“Let us run with patience the race that is set before us, looking unto Jesus the author and finisher of our faith; who for the joy that was set before him endured the cross, despising the shame, and is set down at the right hand of the throne of God.“ – Hebrews 12:1, 2.
THE apostle saith, “Let us run.” He has in his mind’s eye the Olympic games, where all the different tribes of Greece were gathered together in general assembly to display the prowess of the race. Among the athletic exercises were foot-races. The apostle makes this foot-race an illustration of the Christian life. We must run with patience along the appointed course if we would win the prize of our high calling.
He stands with us at the starting-point, and earnestly says to us, not “Run,” but, “Let us run.” The apostle himself is at our side as a runner. The presence of such a comrade is most inspiriting. It is good doing good things in good company. “Let us run,” saith he, “with patience the race that is set before us.” Who will back out of a race wherein so great a saint takes his place at our side? …
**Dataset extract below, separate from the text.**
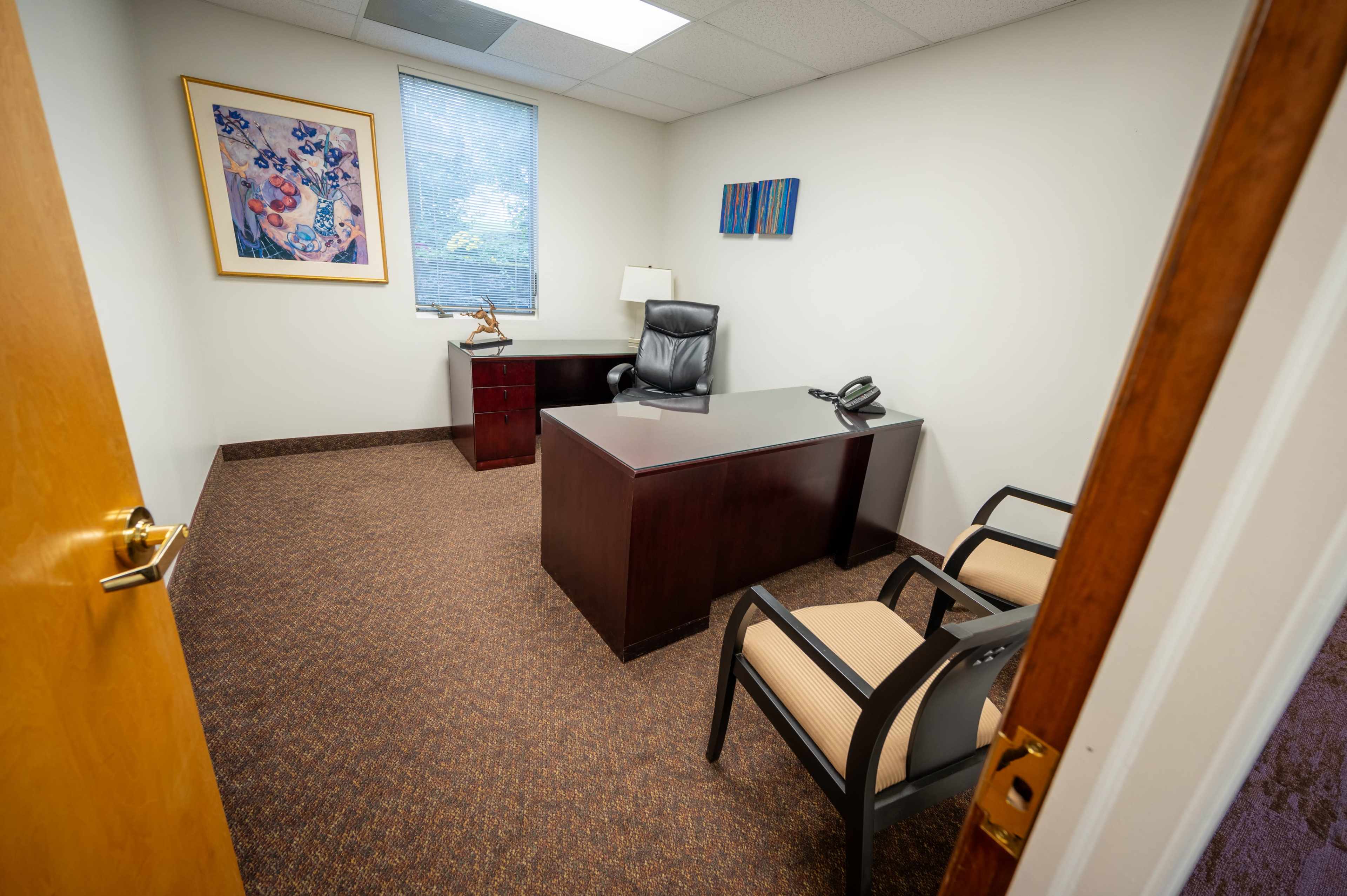 The image shows a small office with a desk, a chair, and two additional chairs, set against a neutral wall and decorated with a piece of artwork.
Before we start, with a wave of the hand the apostle directs us to the spectators who throng the sides of the course. There were always such at those races: each city and state yielded its contingent, and the assembled throng watched with eager eye the efforts of those who strove for the mastery. Those who look down upon us from yonder heavens are described as “so great a cloud of witnesses.” These compass us about. Thousands upon thousands, who have run this race before us, and have attained their crowns, behold us from their heavenly seats, and mark how we behave ourselves. This race is worth running, for the eyes of “the nations of them which are saved” are fixed upon us. … Angels, and principalities, and powers, and hosts redeemed by blood, have mustered to behold the glorious spectacle of men agonizing for holiness, and putting forth their utmost strength to copy the Lord Jesus. Ye that are men, now run for it! If there be any spiritual life and gracious strength in you, put it forth to-day; for patriarchs and prophets, saints, martyrs, and apostles look down from heaven upon you.